Desperately seeking dinner
Posted
Sep 26 2007, 05:42 PM
by
Donna Freedman
Rating:
I had a Desperation Dish the other night. It saved me from going out to eat, which is why I recommend the practice. It also helped me clean out the fridge – another point in its favor.
The expression comes from the 1942 memoir "We Took to the Woods,” a delightful tale of living in the Maine backcountry. Author Louise Dickinson Rich described Desperation Dishes as "things we eat when we run out of food."
Rich and her family weren’t completely out of food, but rather down to things like dried beans and cornmeal.
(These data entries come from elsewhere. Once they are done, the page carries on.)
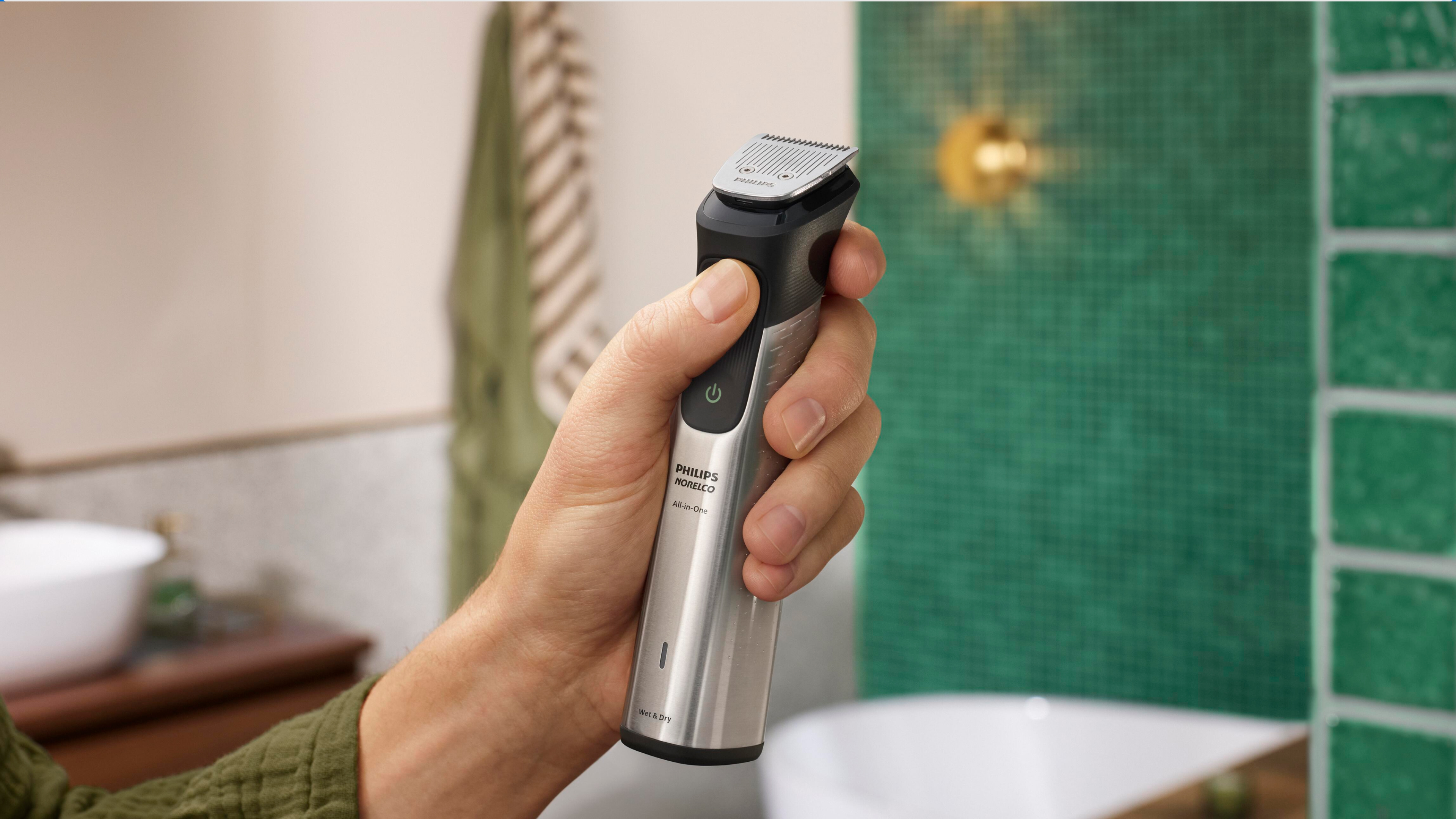 Hand holding Philips Norelco All-in-One Trimmer 9000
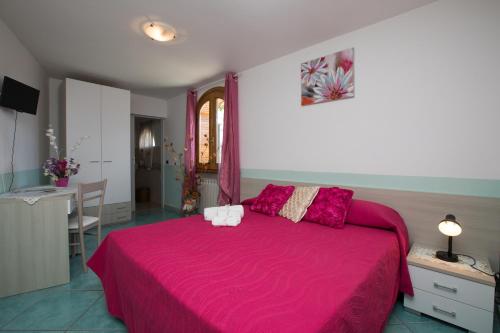 1 dormitorio con 1 cama rosa grande con sábanas rosas en B&B Oliva, en Scala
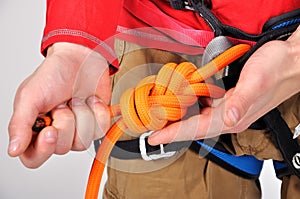 Climber tying double bowline knot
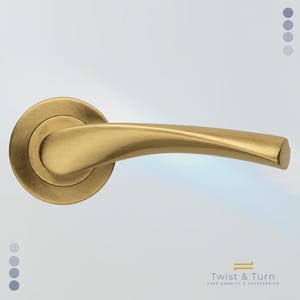 May include: A gold-toned door handle with a curved lever and a circular base. The handle has a smooth, metallic finish and is designed for easy gripping. The text "Twist & Turn DOOR HANDLES & ACCESSORIES" is visible in the bottom right corner.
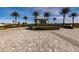 Gated community entrance with palm trees and landscaping at 6226 Plateau Ct, Bradenton, FL 34203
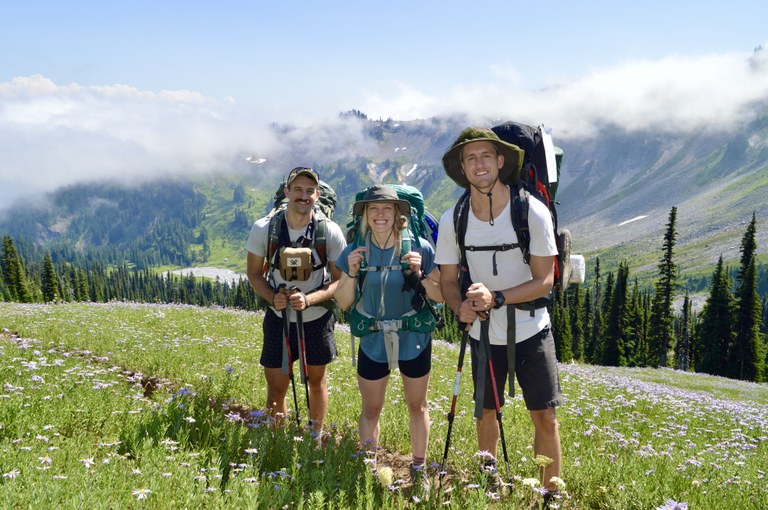 Three hikers smile before they head into Indian Bar. Photo by Karen Retz. 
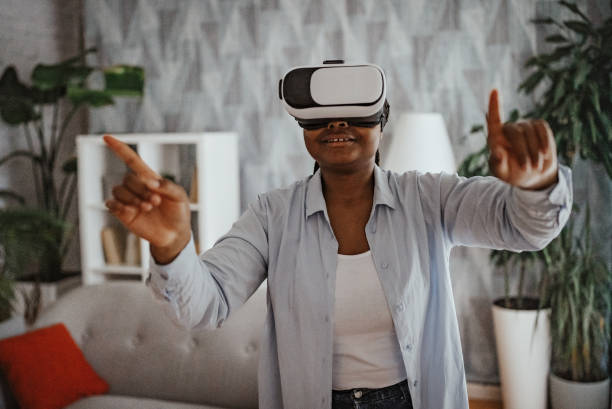 istock Person fully immersed in VR experience at home 2166768923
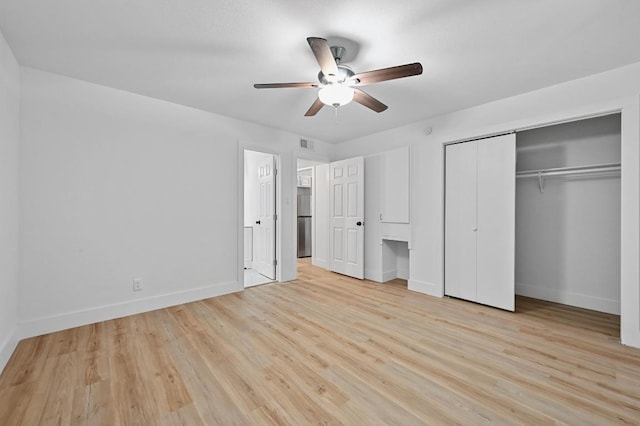 2303 E E Side Dr Unit 102, Austin, TX 78704 - unfurnished bedroom featuring wood finished floors, stainless steel refrigerator, a ceiling fan, and a closet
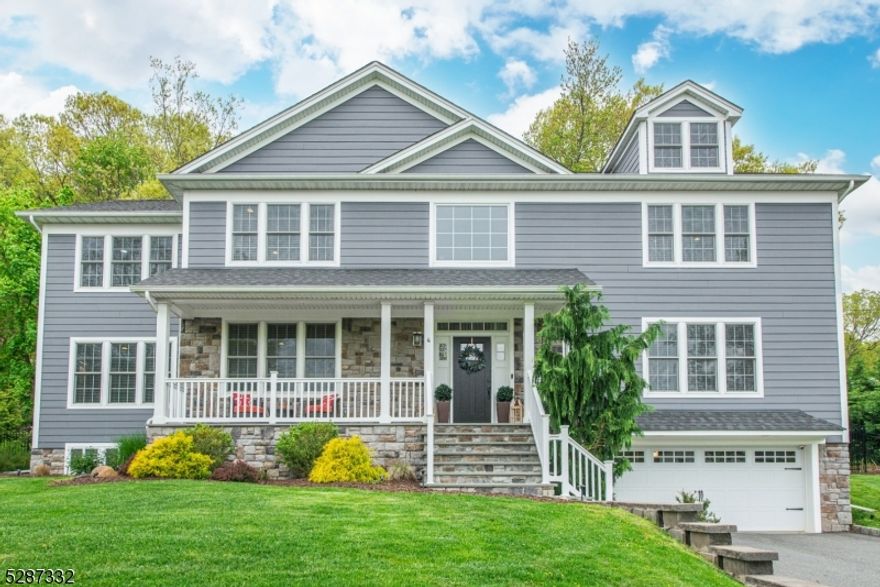 Nestled on a fantastic tree-lined street of highly desirable neighborhood, this home presents a remarkable blend of luxury, comfort, and functionality. The main floor offers ample space for entertaining and living. Two-story Foyer with stunning staircase offers coat closet and a hidden mudroom. Formal LR features cove ceiling with lighting, a Study adorned with French doors and a built-ins is a perfect WFH spot. Formal DR features coffered ceilings, picture moldings and built-in bar.Chef's kitchen features quartz countertops, JennAir appliances, a large island with seating, plus breakfast area. The FR features gas fireplace, large windows and slider to outdoor space and access to the Powder Room. Completing this level is an In-Law Suite with large closet and full bathroom. Upstairs, discover an expansive primary suite featuring two walk-in closets with closet systems and an oversized bathroom with shower and soaking tub.Completing this level is a junior suite with its own walk-in closet and full bath, two additional bedrooms that share a Jack-and-Jill bath with shower and a double sink vanity, and laundry room with workstation.The finished LL boasts two rec rooms, full bath, storage/utility room, mud room and access to the two car garage.Outside, the fully fenced yard features a deck, patio with outdoor kitchen, fireplace, hot tub, and steps leading up to a lush lawn area  a perfect haven for outdoor gatherings and enjoyment.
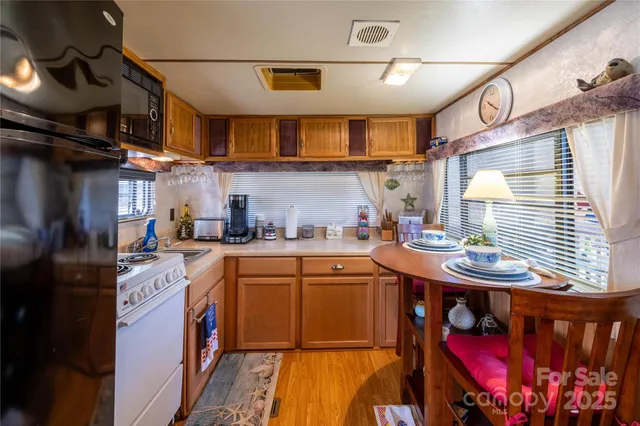 a bathroom with a sink and mirror with bathtub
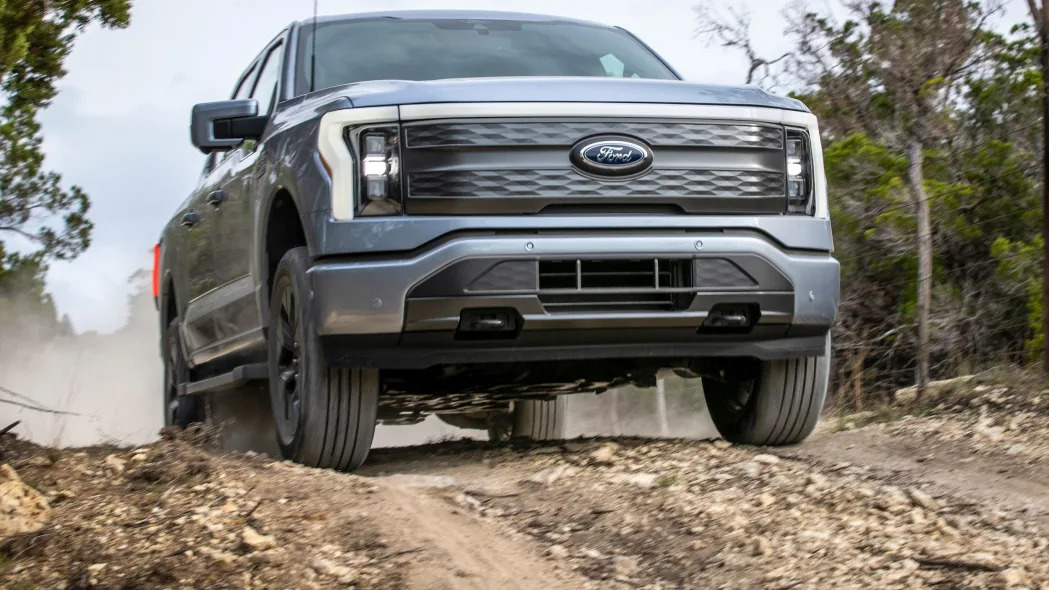 The 2022 Ford F-150 Lightning Lariat driving on a dirt road.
But they must have been desperate if they were excited by DDs like "Mock Tripe," made with fish skin and seasoned leftover oatmeal. Yum.
Waste not, want not
Most of us don’t run out of food, either. We just don’t want to eat what we have. We turn up our noses at that slice of last night’s meatloaf or the two-day-old pasta and sauce, and either go out for dinner or order something in. Each time we do, the leftovers in our fridges get a little more tired. Within a few days we can justify throwing them out because they’re "old."
I have a horror of wasting food, probably because both my parents were raised in straitened circumstances. The staple dish in Mom’s family was often biscuits and white gravy. Dad’s family survived mostly on "put-by" garden produce, fish and wild game. Growing up, I never saw a scrap of food thrown away.
The other night my main ingredient was about four ounces of chicken, the last remnant of a bird I roasted on Saturday. It looked mighty forlorn. "Maybe you should go out to eat," my mind whispered, "or at least run to the grocery store to buy something better. A freelance check is on the way. You can afford it."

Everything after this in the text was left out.